Cormac McCarthy no era alguien muy optimista sobre el ser humano. Quizá sólo era fríamente realista. Le parecía irrelevante todo lo que no implicara la lucha entre la vida y la muerte, un dilema en que es propio de ilusos pensar que siempre triunfa el lado luminoso del hombre. No tenía ningún interés para él como escritor. “La vida no existe sin derramamiento de sangre. Creo que la noción de que puedes mejorar de alguna manera la especie (humana), de que todos podemos vivir en armonía, es una idea realmente peligrosa”.
Uno de los grandes escritores de Estados Unidos de su generación falleció el martes con 89 años en su casa de Santa Fe, en Nuevo México, en el suroeste del país que convirtió en el gran protagonista de sus mejores novelas. Era también uno de los autores más convencidos de la importancia de preservar su independencia y soledad, negándose a hablar de su obra con periodistas o profesores incluso cuando eso le condenaba a pasar hambre al no contar con otras fuentes de ingresos.
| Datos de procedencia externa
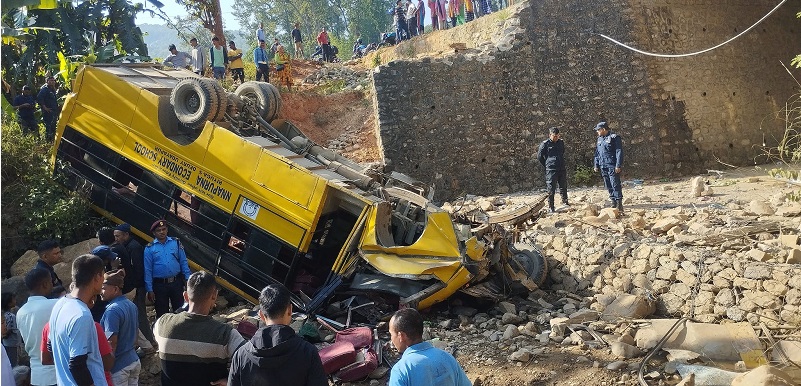 बस दुर्घटना : तीन जनाको मृत्यु, १२ जना गम्भीर
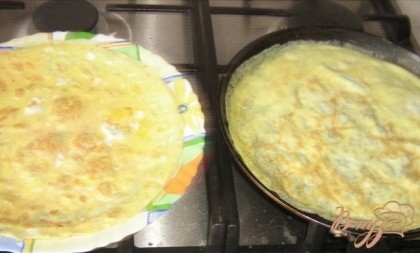 В отдельной тарелке взбить яйца,добавить соль и перец,затем 2 ч.л. крахмала и 1-2 стол.ложки растительного масла.Жарим блинчики (у меня получилось 5 штук).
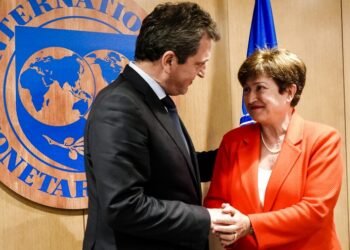 El FMI aprobó la segunda revisión del acuerdo que otorgó US$ 3.900 millones a la Argentina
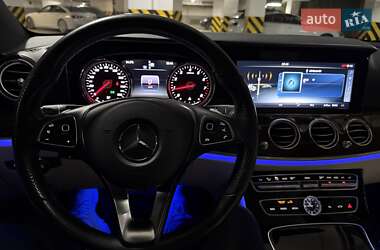 Седан Mercedes-Benz E-Class 2016 в 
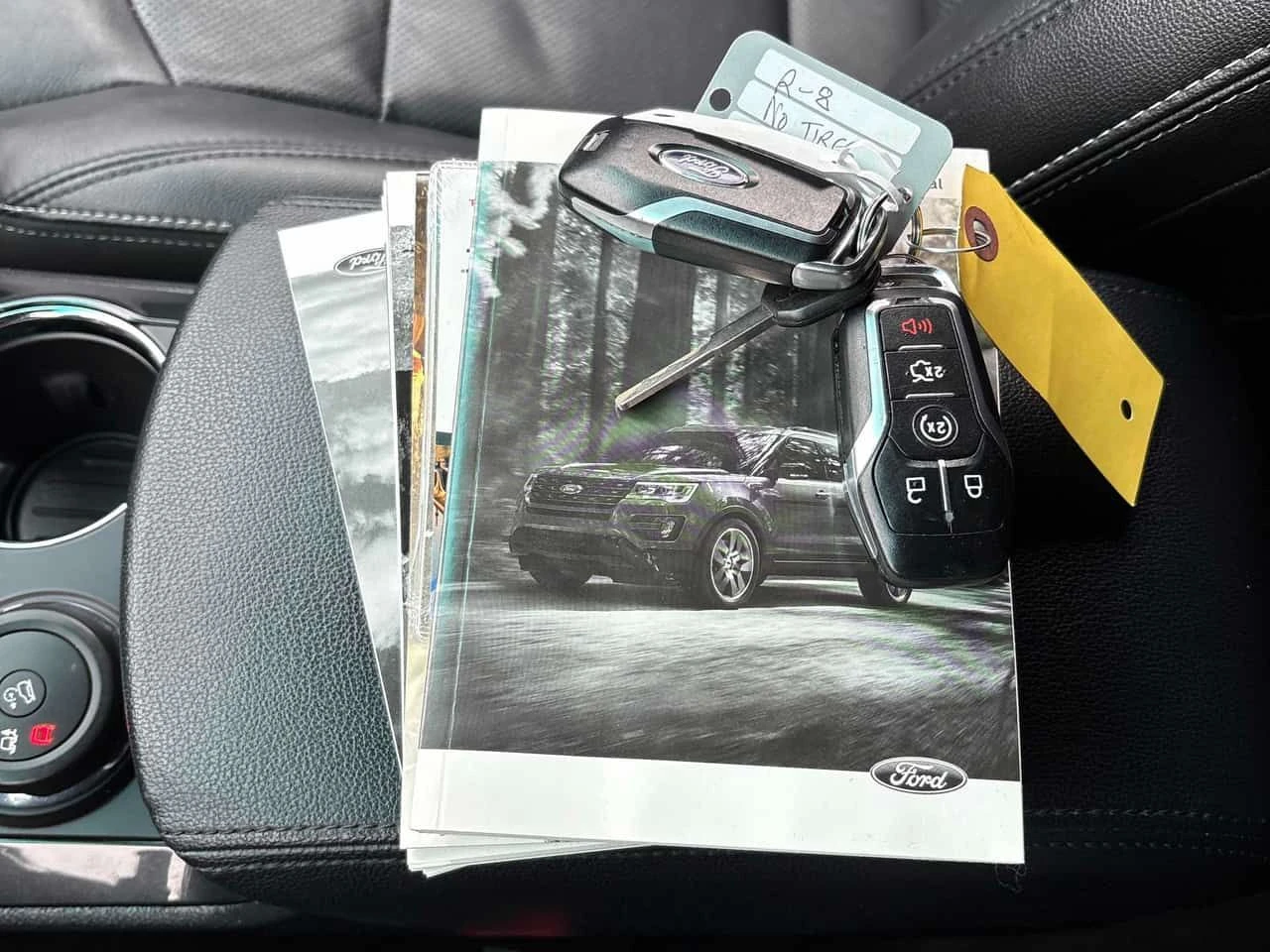 Ford Explorer LIMITED /CARFAX/Пано/Подгрев/Обдух/7 места/2 ключа, снимка 12 - Автомобили и джипове - 53967666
Donde otros vieron épica y heroísmo y enraizaron en la cultura popular la noción del wéstern como la aventura esencialmente norteamericana de construcción del mito fundacional del país, pongamos gente como John Ford y Howard Hawks, McCarthy ofreció una visión descarnada y tétrica donde la muerte siempre está presente. Los hombres eran tan áridos como el desierto que tenían ante ellos, y no menos peligrosos. La frontera era un lugar lleno de serpientes y la mayoría de ellas eran seres humanos.